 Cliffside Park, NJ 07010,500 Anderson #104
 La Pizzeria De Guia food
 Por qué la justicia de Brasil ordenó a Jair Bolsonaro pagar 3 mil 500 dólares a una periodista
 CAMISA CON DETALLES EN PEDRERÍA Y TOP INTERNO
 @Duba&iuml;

-*-*-

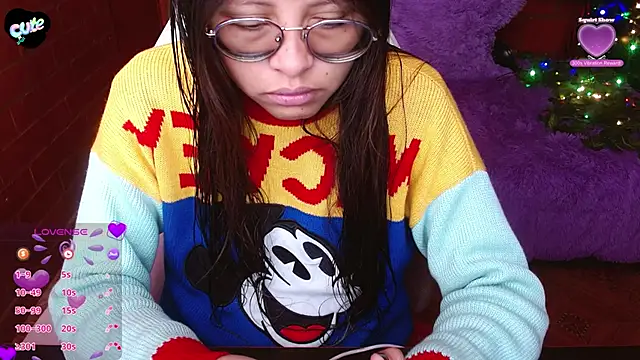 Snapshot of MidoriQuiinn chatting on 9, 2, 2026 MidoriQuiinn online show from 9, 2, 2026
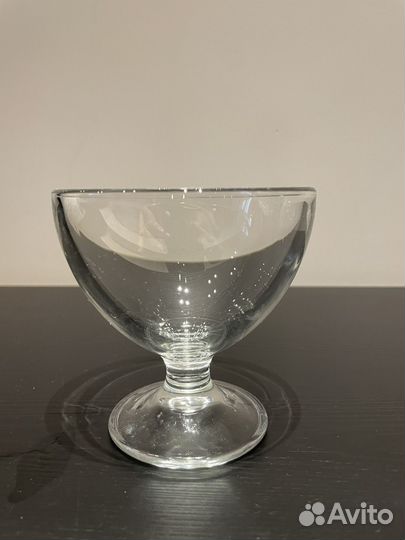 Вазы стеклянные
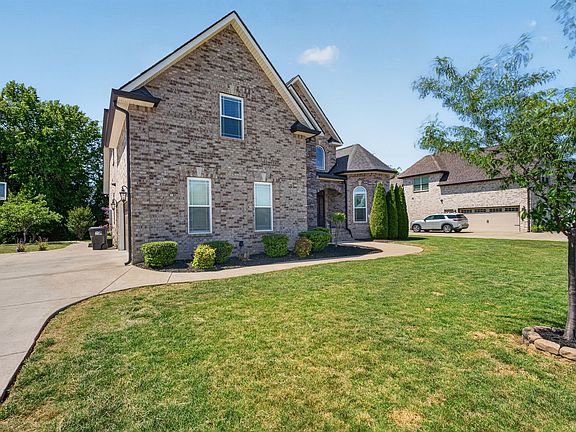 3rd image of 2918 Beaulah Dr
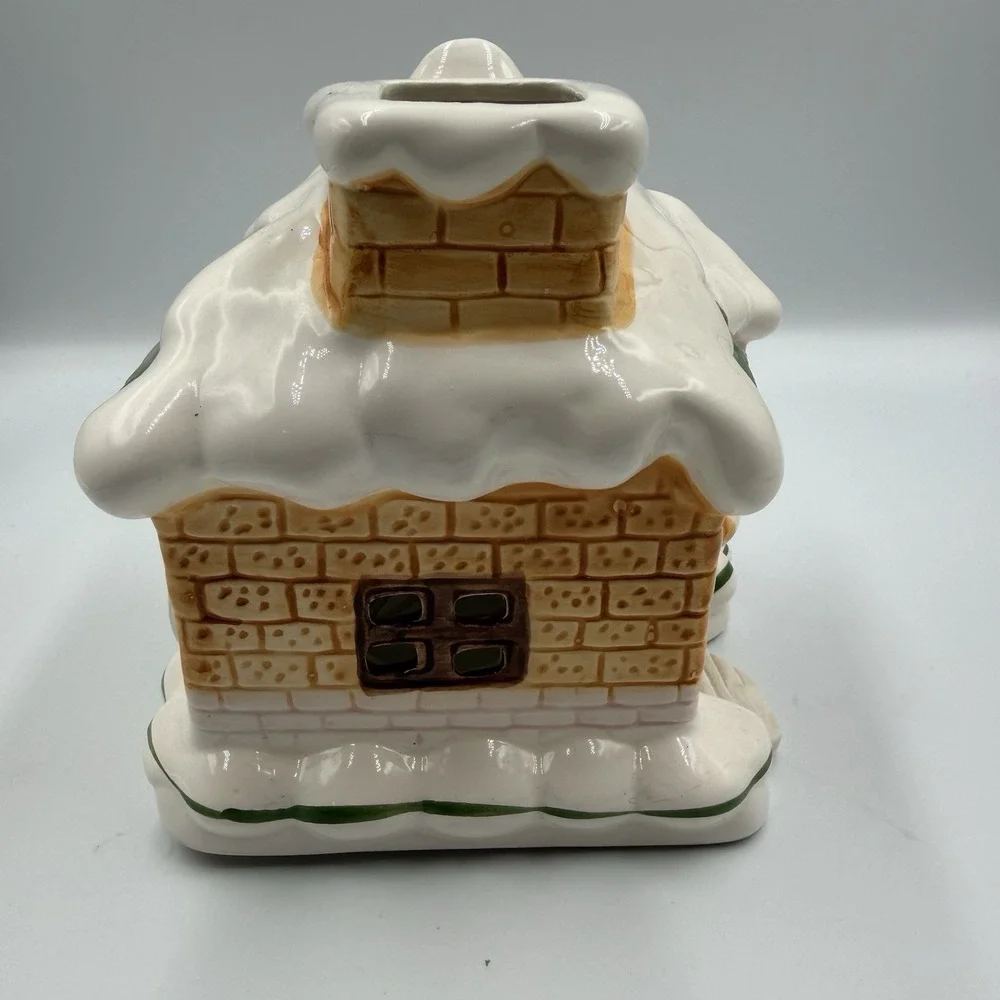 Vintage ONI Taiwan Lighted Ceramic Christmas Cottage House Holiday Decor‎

-*-*-

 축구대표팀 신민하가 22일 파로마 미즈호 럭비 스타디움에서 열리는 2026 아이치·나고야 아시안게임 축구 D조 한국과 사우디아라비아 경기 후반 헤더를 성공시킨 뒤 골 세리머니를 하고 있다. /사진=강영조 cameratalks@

-*-*-

Text only, no pictures: please print exactly the lines above from the line with "3rd image of 2918 Beaulah Dr" up to and including the line with "Vintage ONI Taiwan", and nothing else.

 3rd image of 2918 Beaulah Dr
 Vintage ONI Taiwan Lighted Ceramic Christmas Cottage House Holiday Decor‎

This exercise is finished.